Get user membership groups in the claims with AD B2C
As it's possible in the standard AD by changing the API application manifest option "groupMembershipClaims" to "SecurityGroup", is it possible to return user membership group in the claims with AD B2C?
Now, we can have only the default and custom attributes by adding a signin policy, but it's impossible to get user membership groups.
We definitely recognize the popularity of this feature, and we discuss it constantly during the planning phases. However there are certain technical limitations in the system that add a large amount of development cost. Because of the cost and the fact that there is a workaround available, other features get prioritized over this one.
That being said, please keep voting for it. The popularity of the feature does help bring it up and makes us reconsider every time.
Apologies for the delay.
We’re doing some research both on the specifics of this ask as well as what it would take to support this.
Is the ask here to do the same thing that regular Azure AD does (see: https://blogs.technet.microsoft.com/enterprisemobility/2014/12/18/azure-active-directory-now-with-group-claims-and-application-roles/) or is are there different requirements around this for Azure AD B2C?
Kirstie Wu commented
This is absolutely insane. +1 Something so basic... yet... almost 2 years has passed...nothing is done.
Spencer C commented
This is absolutely insane.
Daniel Hallqvist commented
Pretty unbelievable that such a basic, essential part of an authentication system isn't already implemented.
Rob Richardson commented
We desire the same functionality available in regular Azure AD with the ability to assign more than one application role to a user.

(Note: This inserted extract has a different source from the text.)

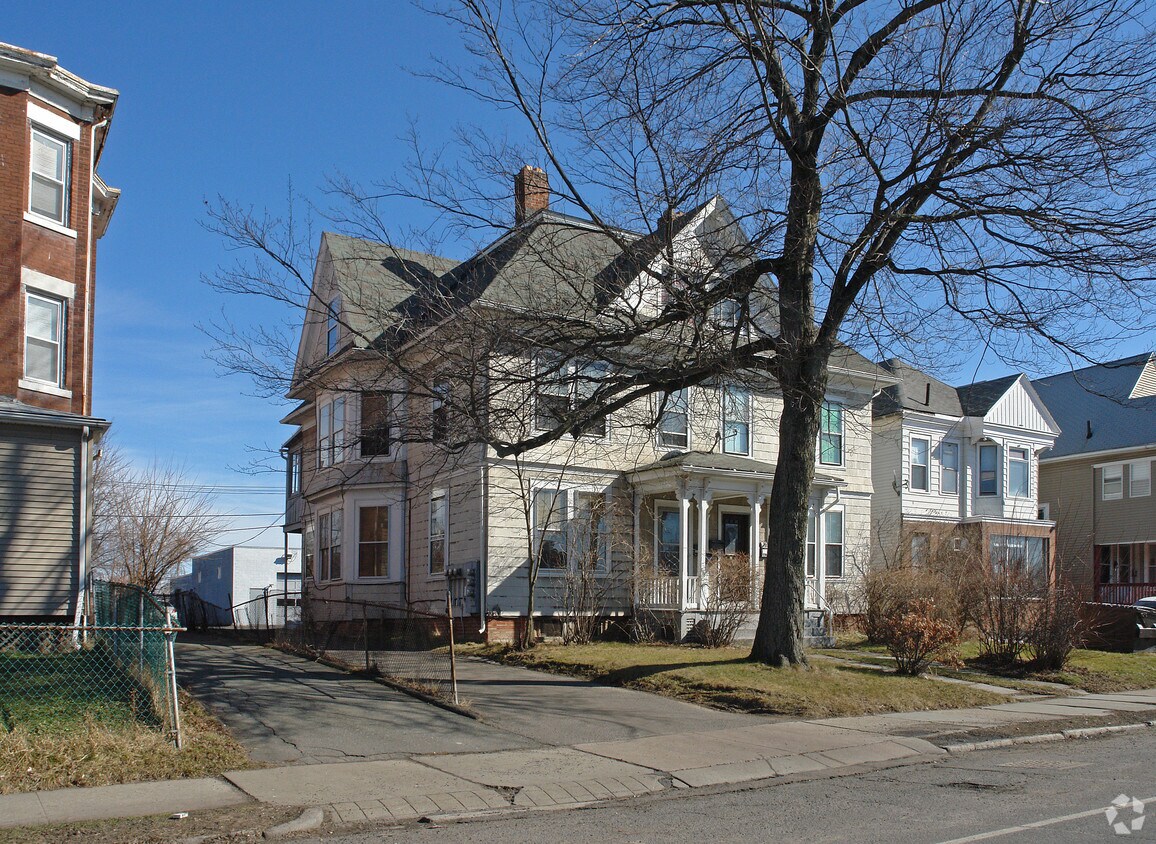 Building Photo - 648-650 Wethersfield Ave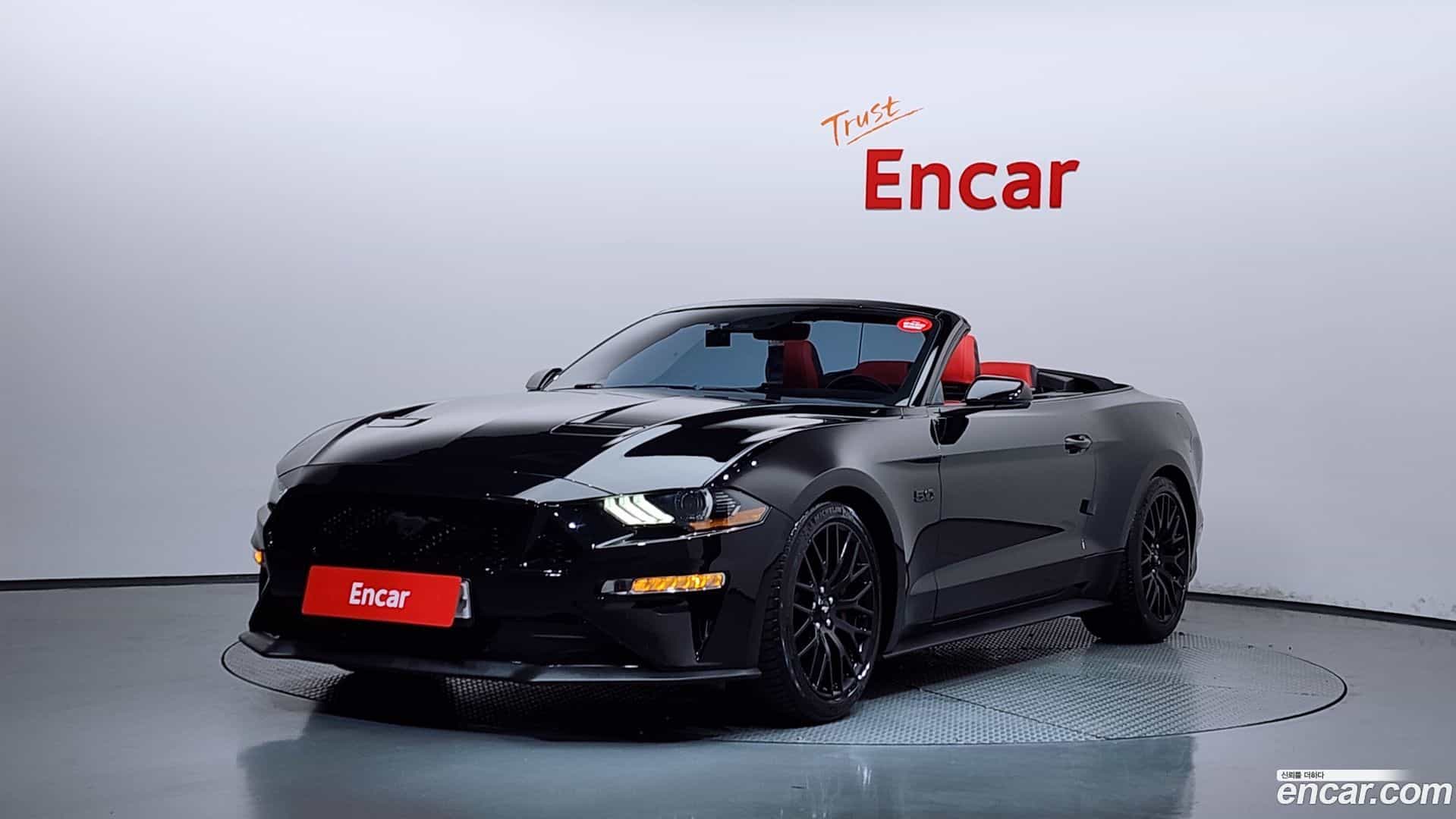 Mustang Ford 2018.7-OUTER-001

To any folks struggling to obtain B2C user group claims from Graph API: while we wait for group claims to be integrated into B2C tokens, please refer to my detailed write-up in this post:
There's quite a bit of voodoo dancing required, but it works as an interim solution.
The given examples of the regular AD capabilities would totally cover our use cases.
Don Airey commented
For Role Based Authentication, you just need a group membership in order to map the group to a set of claims. So the answer to your question is: we just need what Azure AD does in the B2C endpoint.
Tim Uy commented
Even just one group - Admin!
Tim Uy commented
This needs to be fixed. It is now 2017 and I am trying to replace an existing auth structure with AD B2C. Group claims are important.
Don Airey commented
I had a colonoscopy last year without anesthesia. Digging through the B2C architecture to get my claims-based authentication working was a worse experience for me. First, there's no way to create a local user using an email address for the identity (that is, an email address not tied to any identity provider) in the portal . You need to create a separate application with CRUD privileges. Then you need to add the new user with a command line utility found in GIT. Then you need to go back to the portal to add them to a group, then you need to bake the credentials of this secondary application into your service in order to read the group affiliations of the users.
It's not all pain, however. Once I got everything working, it's very slick to have a complete web service working out of a single Cloud Service with Authentication and SQL handled in the cloud.
Cleiton Dos Santos Garcia commented
In Azure AD is possible query the graph api using the user token, but with AD B2C I am receiving http 401 in both (graph.microsoft.com or graph.windows.net).
Jason Levandoski commented
So how far off is this release? This is a huge hindrance.
Is there a Beta to test?
We are trying to move from stormpath to azure and find that azure is lacking this capability. Spending days making a service user that can query the graph API for this is tedious.!
Greg Fyans commented
Is there an update to Alexander's suggestion? It would seem to me this is a popular use case for applications using B2C, as B2C is essentially a replacement for more common membership providers that have such functionality.
Neeraj Yadav commented
Hi, How can I assign group to a user during signup in ad b2c?
Hi Alexandre - This is a good suggestion. Thank You. We will add this to our backlog. For now, you could query using Graph - not the desired method but it would work.
Devindra (Program Manager Azure AD B2C - Microsoft)
Alexander Viken commented
This would be very useful for instance when you create a B2C directory and could split users into ie. "subscribers" or "non-subscribers" groups. and create [Authorize(Roles = "subscribers")] attributes for your viewControllers without a lot of custom code.